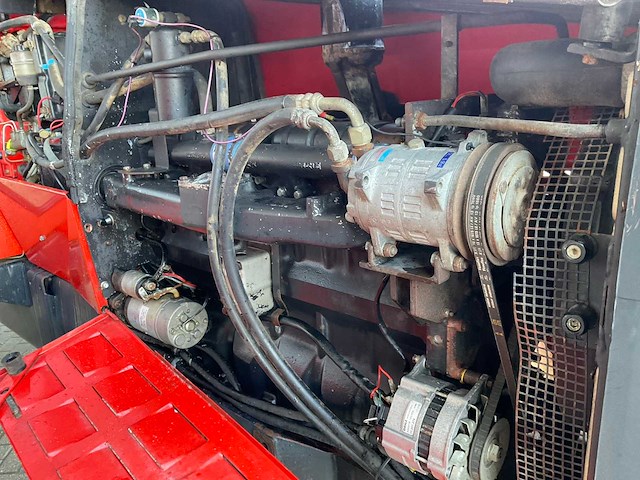 1988 valmet 905 autocontrol vierwielaangedreven landbouwtractor - afbeelding 26 van  39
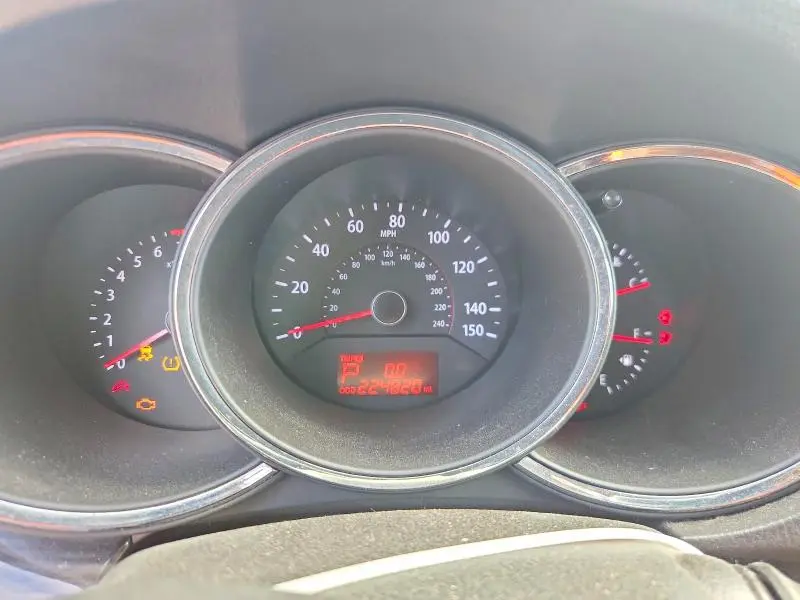 2012 KIA SORENTO LX  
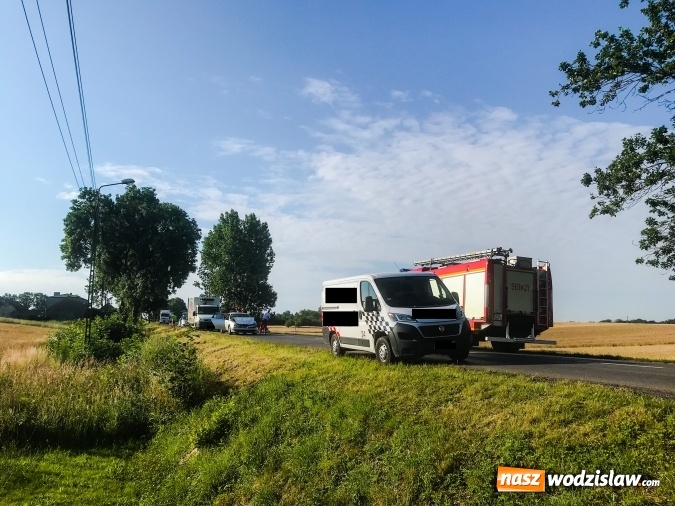 Zdjęcie w galerii na portalu naszwodzislaw.com: Zderzenie alfy romeo i dostawczego iveco DW 933  wiadomości z regionu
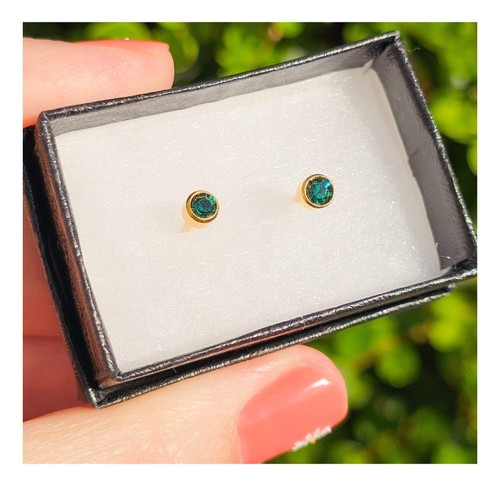 9ct Yellow Gold Emerald Bezel Stud Earrings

++++++++++

Work order: All of the material above is to be copied exactly, with no pictures.

Solved exercise:
 1988 valmet 905 autocontrol vierwielaangedreven landbouwtractor - afbeelding 26 van  39
 2012 KIA SORENTO LX  
 Zdjęcie w galerii na portalu naszwodzislaw.com: Zderzenie alfy romeo i dostawczego iveco DW 933  wiadomości z regionu
 9ct Yellow Gold Emerald Bezel Stud Earrings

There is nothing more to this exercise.